Um sich davon zu überzeugen, braucht man nur die Einladung eines Einheimischen
zum Kaffee anzunehmen: Schränke und Truhen bestehen aus massivem, mit Schnitzereien
verziertem Holz, und die Wände bedecken Stickereien, deren traditionelle Motive
seit byzantinischer Zeit überliefert werden.

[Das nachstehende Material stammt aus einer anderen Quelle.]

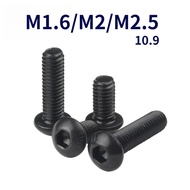 10.9 Grade Round Head Hexagon Socket Screw Plate Head Hexagon Bolt M1.6/M2/M2.5 [FKY-G]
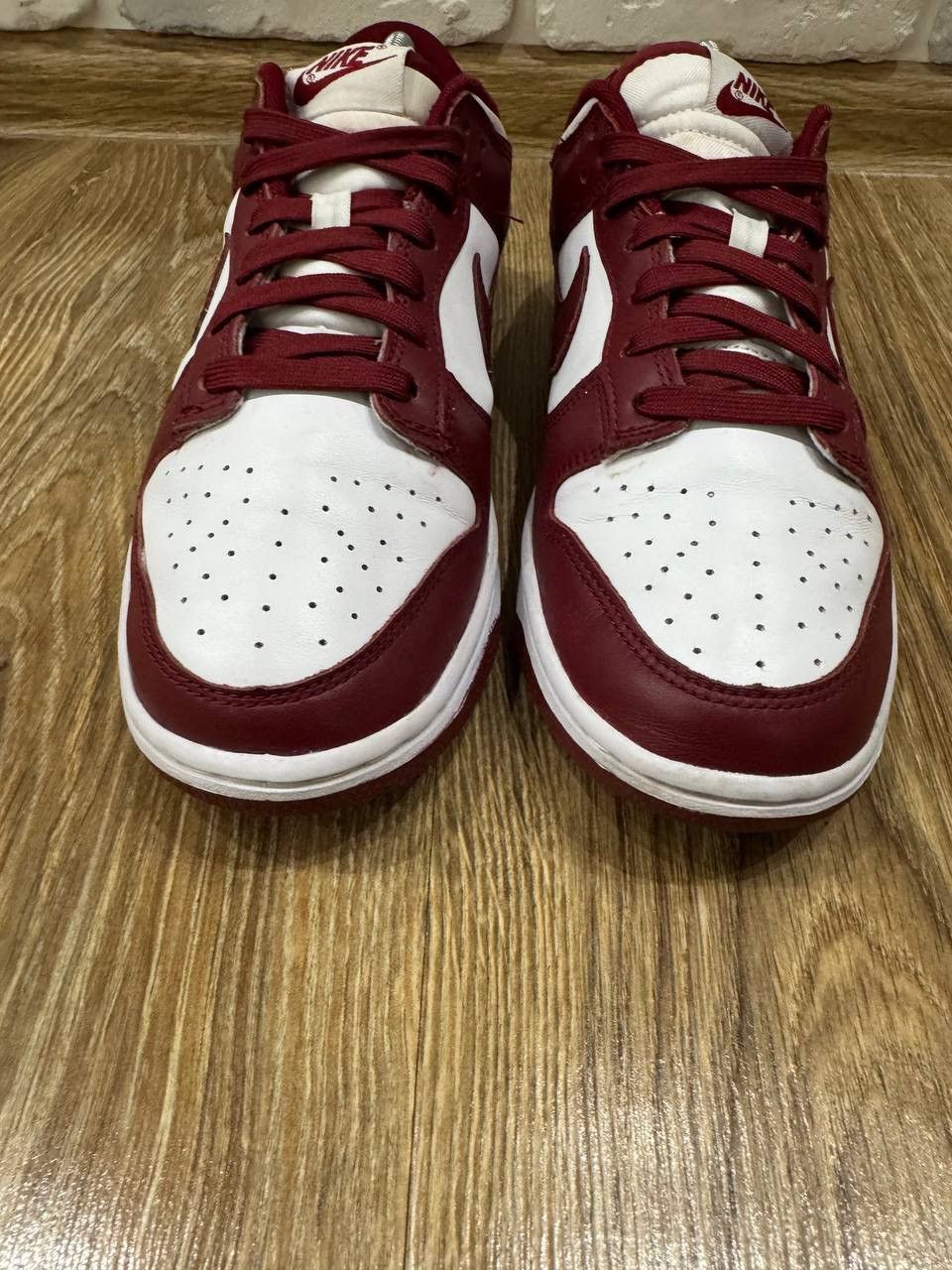 Nike Nike Dunk Low Retro Team Red Size US 7.5 / EU 40-41 - 4 Thumbnail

Elf bis fünfzehn zweistündige Überfahrten wöchentlich ab Kimi (Euböa); es werden
auch Linien zwischen Skyros und Alonissos oder Skopelos befahren.

Alonissos

Auch auf Alonissos, der kleinen Nachbarinsel, haben sich alte Lebensformen
gut erhalten. Menschenleere und äusserst fischreiche Buchten versprechen unvergeßliche
Fußmärsche und Angelausflüge, was das Fehlen von Badestränden wettmacht. Wer
Kurs auf das Eiland Psathoura setzt, erkennt nur wenige Schwimmstöße vom Ufer
Mauerreste einer antiken Stadt, die vom Meer verschlungen wurde (Alonissos war
häufig Epizentrum von Erdbeben).

Zwei Schiffe wöchentlich ab Piräus. Die Insel Alonissos erreicht auch, wer
sich in Volos einschifft (drei bis vier Überfahrten pro Woche, je nach Saison).